• [Exercise requirements] Copy out the data that comes next, character for character, and leave the images aside.

• [Input data]
* * * * *

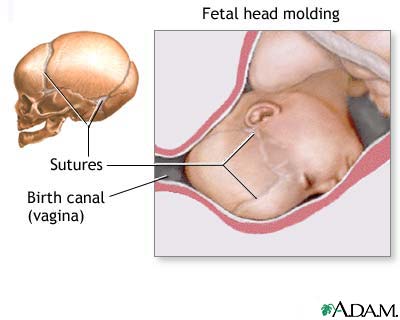 Fetal head molding Fetal head molding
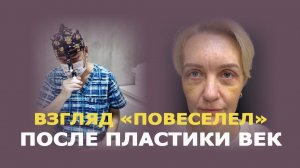 Как проходит блефаропластика у женщин: до и 2 недели после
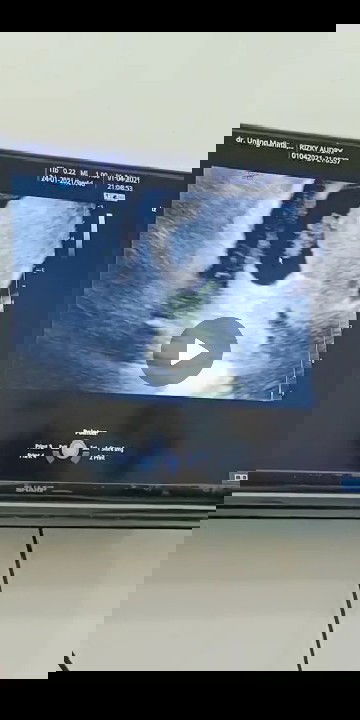 Detak jantung janin hilang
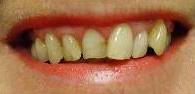 cosmetic dentistry cosmetic dentistry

* * * * *

• [Task response]
 Fetal head molding Fetal head molding
 Как проходит блефаропластика у женщин: до и 2 недели после
 Detak jantung janin hilang
 cosmetic dentistry cosmetic dentistry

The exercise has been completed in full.